April 3rd
In the days following my dad's passing, I often thought about how much or little I'd want to remember from that time. I thought about writing everything down, or at least as much as I could remember every evening (like a director runs the dailies), but there was little time to do that. Weeks later I tried writing about that first day, I mean the day I first heard the news, but that proved too hard. I still block that day out. But something easier to do was to write about the next day, April 3rd:
The next morning I woke in my old bed and thought it might be a weekend morning like the ones we used to have. For better than a decade -- until I turned eleven and Stephen went to college -- weekends at my house unfolded with a familiar pattern. My dad usually got up first, went out to get the paper, then read it at the breakfast table before any of us even stirred. I usually woke up second, but by the time I'd trundled my way from the bedroom to the kitchen, he'd already be well into the columns of the business section, scanning the numbers for something I never saw. I'd climb into the seat across from him -- some natural process that didn't need explaining -- and go through the rest of the paper until I hit the comics section. The news would chirp out of an old AM radio. My dad always kept it low; he didn't want to wake us.
On chilly mornings he and I would share a treat, hot chocolate. We'd get Nestle Quik down from the cupboard, spoon it into tall glasses, and pour in hot milk from the stove. If the milk wasn't hot enough, the mix wouldn't dissolve, and you'd have to stir until you busted up the clumps on the bottom. These were our mornings, this was my apprenticeship, my dad and me at the breakfast table, reading until my mom got up next and opened the curtains to let the sun in.

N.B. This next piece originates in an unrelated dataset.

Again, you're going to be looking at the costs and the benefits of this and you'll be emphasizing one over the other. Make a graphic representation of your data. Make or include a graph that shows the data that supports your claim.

Years later, after my brother and I had both left home, my dad still got up early in the morning. I knew this because I'd come home from college and just lie in bed without the same enthusiasm for the comics that I had as a kid. By then my parents had had an alarm system installed -- changed the locks on the doors too so you needed two keys to get in -- until opening the door in the morning required ten steps. My dad didn't always remember the ten steps -- by then his movements had started slowing too -- and he'd sometimes go straight for the paper in the morning, opening the door before turning off the alarm. The siren would go off, this terrible whoop-whoop! you could all the way down the street, and I'd hear my dad fumble with the keypad, hear him say "oh-oh" like he did on minor blunders and the keypad beep in disgust when he entered the wrong code.

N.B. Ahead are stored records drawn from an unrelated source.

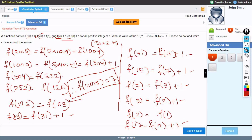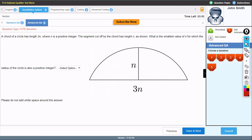I hope you understood the question and answer. If not, please comment — we love to hear from you. Moving on to the next question: a chord of a circle has length 3n where n is a positive integer. The segment cut off by the chord has a height n. What is the smallest value of n for which the radius of the circle is also a positive integer? Please do not add white space around the answer.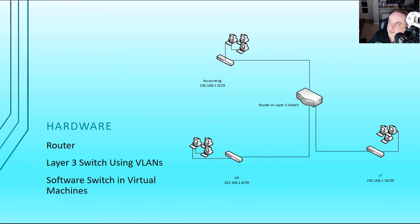Stay tuned for additional videos as we talk about supernetting, subnetting, anding, and other great topics that will also be covered on the Network Plus certification test.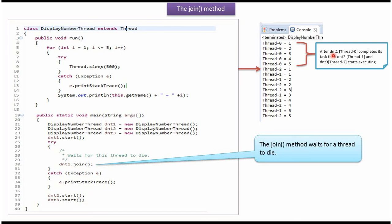DisplayNumberThread1 name is thread-0. DisplayNumberThread2 name is thread-1. DisplayNumberThread3 name is thread-2.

By then something else was undeniable: the dark centers of his eyes had started to cloud. I wondered if he still saw the world as crisply or as brightly as before. I wondered if he could still catch a bee like the hero of my youth, holding it in a loose fist until he got it out of the house and let it go, neither harmed from the experience. When I came home those days and met my parents at the airport, he'd still offer to take my bags but he no longer gave as much resistance when I refused. We'd hug, and I'd pull away and see tears in his eyes.

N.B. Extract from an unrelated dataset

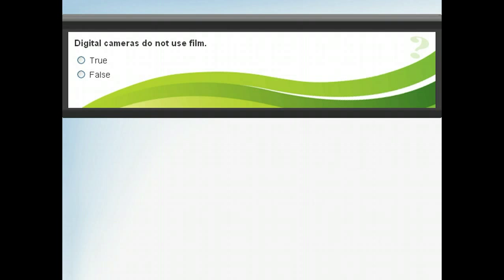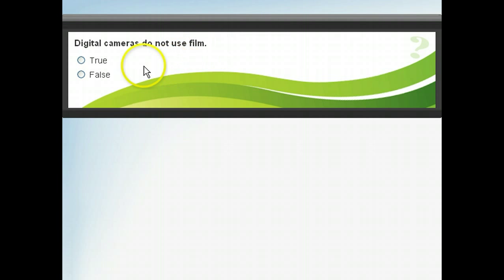Let's test your knowledge of digital cameras. Answer the following question before continuing this lesson. Click the 'Show Correct Answers' button to see if you are correct.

I lay in bed a few more minutes that morning, April 3rd, and wondered if everything I'd seen and heard in the last 24 hours was real. I rolled over on my side, waiting for the sounds of morning, my dad stirring in the kitchen: a chair backing up on the tile floor, a spoon clanging glass, the beep-beep-beep of the alarm as my dad went to check on the yard. But I heard none of these.
I lay still, not wanting to move, not wanting to risk setting anything in motion, until the thought of doing nothing seemed akin to not being able to do anything -- the thought of lying cold in the ground -- and that held its own particular terror.
Eventually I got up and made my way across the hallway into my parents' room. Around the corner, my mom lay in bed, half-propped against the headboard, her eyes half-open. She stared ahead without focus. Everything about her seemed to be pulled downward: all the features of her face, her clothes, her frame itself. Her arms appeared to drag on her shoulders. It was as if her skeleton had just given way.
I sat down beside her, asked how she was doing in a forced monotone, then lost it, sobbing uncontrollably. She touched my back and said, This is the way things will be. The sheets on my dad's side of the bed were smooth, his pillow undented. He'd left two mornings before and not returned.
2 Comments:
Keep writing, Stewart, until you get everything that is important in place.
You will know when to stop.
CW
Hey Stewey... I am again so sorry. It's hard to believe already and only three months have passed.